**HOW TO COMPLETE THIS TASK:** Write out exactly the lines of the entries below, from the first through the line containing "EDM Beach Palm", and nothing beyond them.
***** DATA SUPPLIED *****
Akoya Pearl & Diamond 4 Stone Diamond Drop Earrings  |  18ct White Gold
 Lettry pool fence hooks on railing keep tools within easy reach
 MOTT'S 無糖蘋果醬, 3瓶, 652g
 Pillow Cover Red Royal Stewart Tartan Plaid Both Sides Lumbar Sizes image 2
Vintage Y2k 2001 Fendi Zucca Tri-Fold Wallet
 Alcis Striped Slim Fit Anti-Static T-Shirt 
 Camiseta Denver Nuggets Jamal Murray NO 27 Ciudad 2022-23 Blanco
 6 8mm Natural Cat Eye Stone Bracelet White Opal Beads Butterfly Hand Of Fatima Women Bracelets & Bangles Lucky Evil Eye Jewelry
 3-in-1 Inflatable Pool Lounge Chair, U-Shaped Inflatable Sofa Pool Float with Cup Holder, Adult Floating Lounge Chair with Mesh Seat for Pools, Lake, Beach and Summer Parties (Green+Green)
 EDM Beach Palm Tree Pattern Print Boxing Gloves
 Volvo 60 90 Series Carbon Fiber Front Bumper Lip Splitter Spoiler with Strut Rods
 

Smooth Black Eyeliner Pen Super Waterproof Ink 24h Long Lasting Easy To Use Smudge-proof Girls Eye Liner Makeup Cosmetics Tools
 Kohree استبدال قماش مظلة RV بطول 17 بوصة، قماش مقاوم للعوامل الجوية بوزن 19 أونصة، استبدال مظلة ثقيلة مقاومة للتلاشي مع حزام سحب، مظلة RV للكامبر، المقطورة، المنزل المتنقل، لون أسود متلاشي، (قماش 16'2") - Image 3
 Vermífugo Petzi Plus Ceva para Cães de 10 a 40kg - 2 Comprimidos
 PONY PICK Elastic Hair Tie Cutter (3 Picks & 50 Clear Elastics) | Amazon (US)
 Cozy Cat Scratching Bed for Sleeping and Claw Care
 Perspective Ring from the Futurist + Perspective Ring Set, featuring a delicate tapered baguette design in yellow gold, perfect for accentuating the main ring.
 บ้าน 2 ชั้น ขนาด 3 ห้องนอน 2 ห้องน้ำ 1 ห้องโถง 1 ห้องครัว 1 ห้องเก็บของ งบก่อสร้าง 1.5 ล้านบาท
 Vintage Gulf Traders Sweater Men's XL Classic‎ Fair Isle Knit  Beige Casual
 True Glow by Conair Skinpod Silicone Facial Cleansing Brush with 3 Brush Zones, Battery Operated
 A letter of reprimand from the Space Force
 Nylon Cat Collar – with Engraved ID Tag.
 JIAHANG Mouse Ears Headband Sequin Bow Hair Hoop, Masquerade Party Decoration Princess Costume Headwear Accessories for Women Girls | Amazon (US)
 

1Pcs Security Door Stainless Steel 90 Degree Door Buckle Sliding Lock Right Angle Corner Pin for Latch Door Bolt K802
*****
**WRITTEN REPLY:**
Akoya Pearl & Diamond 4 Stone Diamond Drop Earrings  |  18ct White Gold
 Lettry pool fence hooks on railing keep tools within easy reach
 MOTT'S 無糖蘋果醬, 3瓶, 652g
 Pillow Cover Red Royal Stewart Tartan Plaid Both Sides Lumbar Sizes image 2
Vintage Y2k 2001 Fendi Zucca Tri-Fold Wallet
 Alcis Striped Slim Fit Anti-Static T-Shirt 
 Camiseta Denver Nuggets Jamal Murray NO 27 Ciudad 2022-23 Blanco
 6 8mm Natural Cat Eye Stone Bracelet White Opal Beads Butterfly Hand Of Fatima Women Bracelets & Bangles Lucky Evil Eye Jewelry
 3-in-1 Inflatable Pool Lounge Chair, U-Shaped Inflatable Sofa Pool Float with Cup Holder, Adult Floating Lounge Chair with Mesh Seat for Pools, Lake, Beach and Summer Parties (Green+Green)
 EDM Beach Palm Tree Pattern Print Boxing Gloves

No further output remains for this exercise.